Mais à ses yeux, l’avocat spécialiste du droit du sport apporte évidemment une plus-value. « Pour être un bon avocat spécialiste, il faut une connaissance générale qui permette d’appréhender l’ensemble de ces matières. À défaut, cela vide le droit du sport de sa substance ». Certains pensent qu’il n’existe pas de pertinence à se spécialiser dans le droit du sport, mais Me Redouane Mahrach affirme au contraire que cela apporte une « expertise plus approfondie ». Et de prendre l’exemple simple d’un entraîneur qui serait remercié par son club et souhaiterait aller aux prud’hommes. « Certes, il pourrait se contenter d’un avocat généraliste, mais il se peut qu’il soit nécessaire de connaître la matière pour envisager toutes les problématiques qui n’apparaîtraient pas immédiatement. Car il se trouve que s’il est en club de 3e division, il n’y a pas de contrat de travail, la Fédération l’interdit : le code réglementaire du football et le droit du travail peuvent s’entrechoquer », poursuit-il.

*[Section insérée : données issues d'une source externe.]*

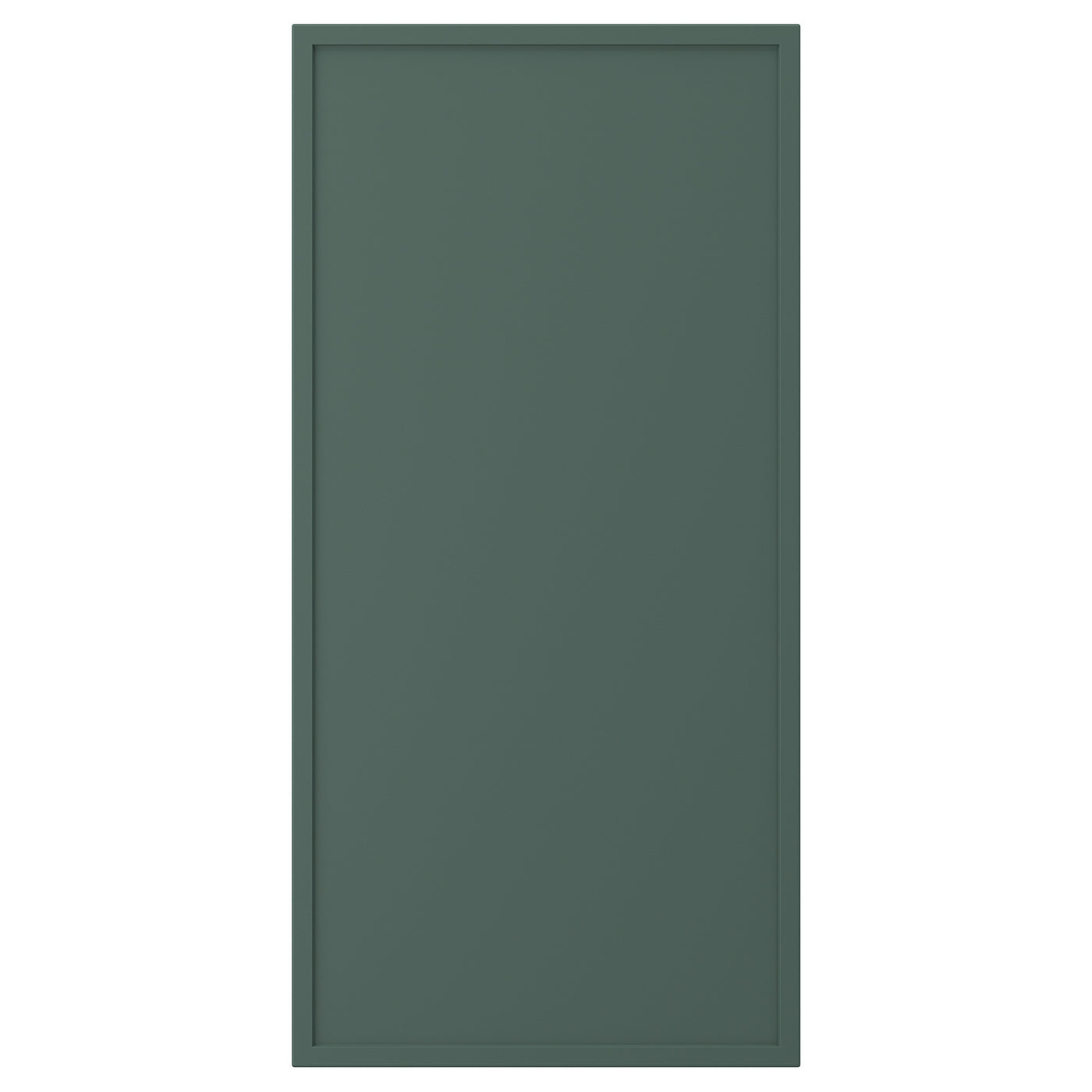 ASPUDDEN decorative cover panel, dark grey-green, 39x80 cm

De même, Me Sevan Karian, avocat spécialisé depuis six ans, dont l’activité majeure se concentre sur le football (il est l’avocat d’Antoine Griezmann) constate l’intérêt grandissant pour le droit du sport. « Il y a dix ans, quand j’étais étudiant, il n’existait pas de master dans cette matière. Aujourd’hui, il s’en créé de nouveaux tous les ans ! », précise-t-il, signe que les temps ont changé et que le monde universitaire reconnaît la pertinence de telles formations. Il est convaincu, aussi, du rôle unique de l’avocat. « Sans critiquer les agents, la licence FFF peut s’obtenir avec un niveau de droit basique. Pour moi, les agents et les avocats sont complémentaires ». À l’agent le suivi quotidien du joueur, les conseils techniques, à l’avocat les négociations et les points juridiques plus précis. « En plus des questions évidentes comme le temps de travail, le salaire, les primes, je réfléchis à toutes les hypothèses possibles. En cas de blessure par exemple, en France, le maintien de salaire intégral du joueur est de 90 jours, puis seule une partie est ensuite prise en charge par la Sécurité sociale. Mais si la durée de convalescence dépasse ces 90 jours ? Je pense donc négocier avec les clubs une durée supérieure à la durée légale. En cas de descente du club en division moindre, je pense à obtenir que le joueur puisse résilier son contrat ou garder son salaire dans des proportions plus avantageuses que celles prévues dans la charte », détaille Me Sevan Karian. Cette question de répartition des rôles entre avocats et agents prend toute son ampleur avec la problématique des avocats mandataires sportifs. « Il existe à ce titre deux écoles : les avocats qui considèrent que les avocats n’ont pas le droit de faire du commercial, et ceux qui considèrent que pour exercer cette fonction pleinement, ils n’ont juste pas le choix ». Intéressant aussi de constater que pour certains joueurs prestigieux, avoir un agent n’est plus indispensable puisque trouver un club n’est pas un problème, au contraire… « Des joueurs comme Cavani, Griezmann ou Mbappé reçoivent au contraire beaucoup de sollicitations. La tendance est donc de s’attacher les services d’un membre de leur famille comme agent au quotidien, et un avocat spécialisé en droit du sport pour sécuriser leurs intérêts de manière beaucoup plus sûre ».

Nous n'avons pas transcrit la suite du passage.